Optimal hydrodynamic synchronization of colloidal rotors.

Physical review letters

Jurij Kotar, Luke Debono, Nicolas Bruot, Stuart Box, David Phillips, Stephen Simpson, Simon Hanna, Pietro Cicuta

Affiliations

  1. Cavendish Laboratory, University of Cambridge, CB3 0HE Cambridge, United Kingdom.
  2. H. H. Wills Physics Laboratory, University of Bristol, BS8 1TL Bristol, United Kingdom.
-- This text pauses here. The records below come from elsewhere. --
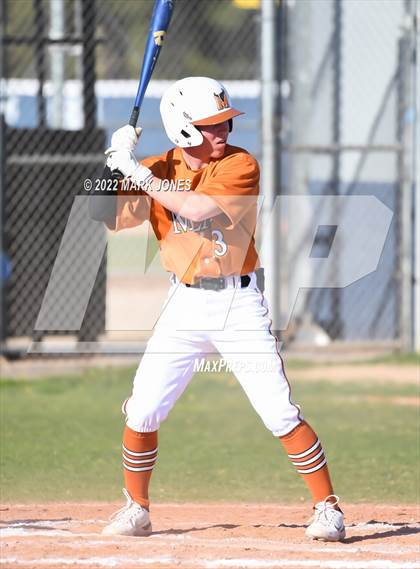 Thumbnail 2 in Mead vs. McMinnville  (Coach Bob Invitational) photogallery.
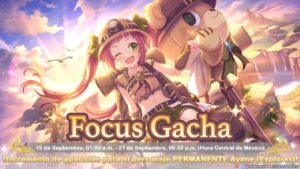 [Servidor Japonés] Focus Gacha 3★ Ayane (Explorer) | Princess Connect! Re:Dive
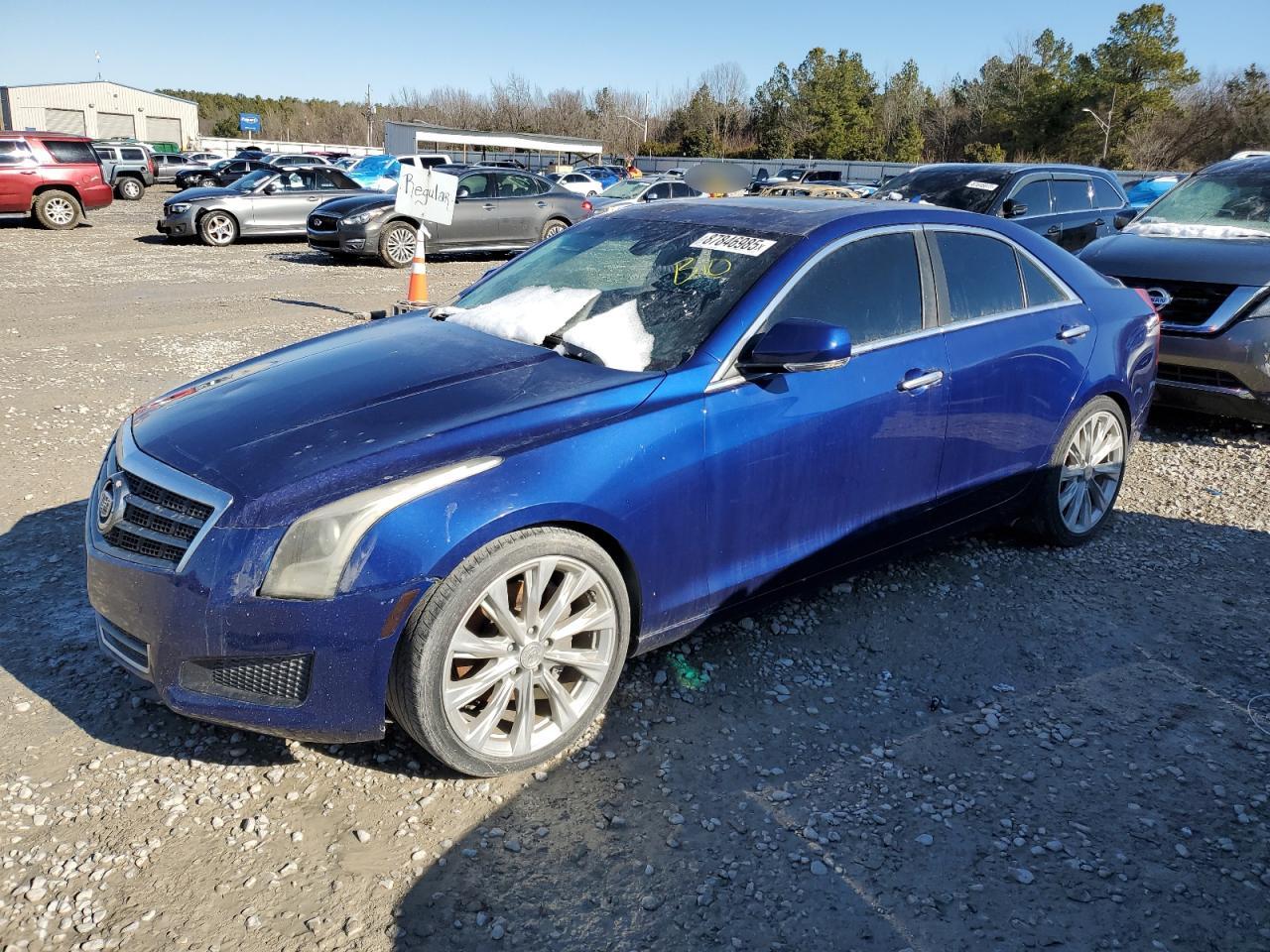  Salvage Cadillac ATS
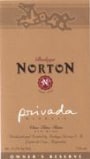 Bodega Norton Privada 1999 Front Label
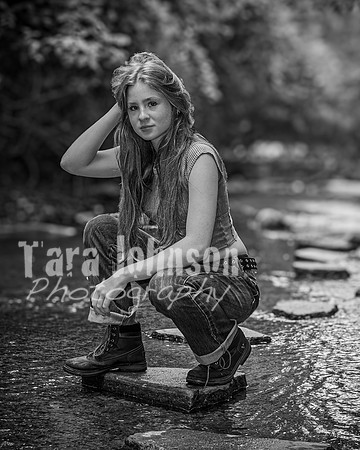 Anne Cambron @ Central Park - BW - TJP (20 of 55)
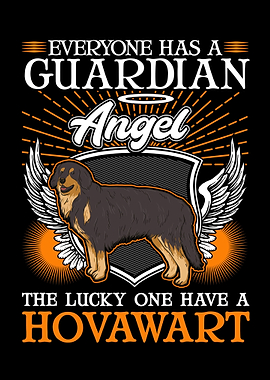 Hovawart Guardian Angel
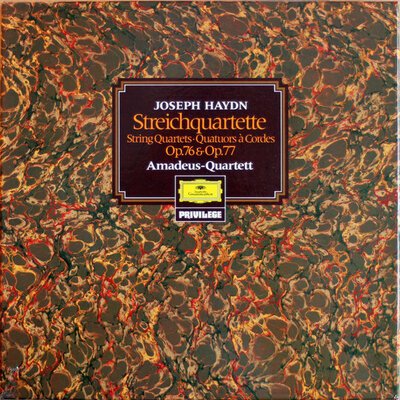 Joseph Hayden - Streichquartette-lp-Tron Records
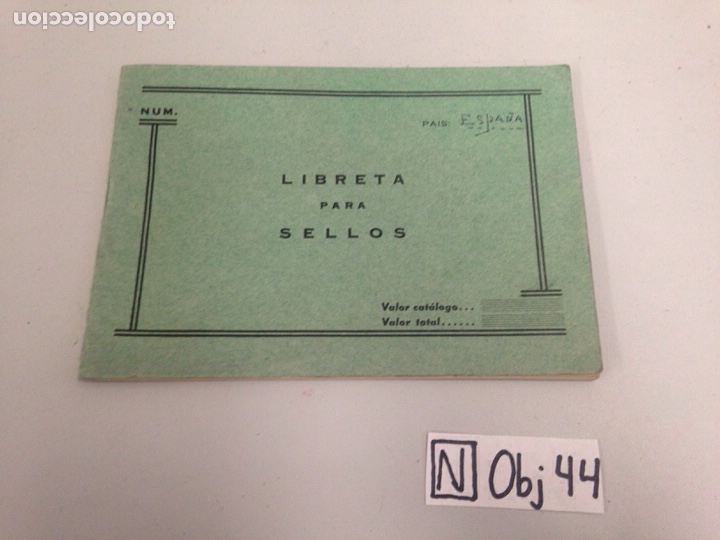 Sellos: Libreta para sellos - Foto 1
PMID: 24329473 DOI: 10.1103/PhysRevLett.111.228103

Abstract

Synchronization of driven oscillators is a key aspect of flow generation in artificial and biological filaments such as cilia. Previous theoretical and numerical studies have considered the "rotor" model of a cilium in which the filament is coarse grained into a colloidal sphere driven with a given force law along a predefined trajectory to represent the oscillating motion of the cilium. These studies pointed to the importance of two factors in the emergence of synchronization: the modulation of the driving force around the orbit and the deformability of the trajectory. In this work it is shown via experiments, supported by numerical simulations and theory, that both of these factors are important and can be combined to produce strong synchronization (within a few cycles) even in the presence of thermal noise.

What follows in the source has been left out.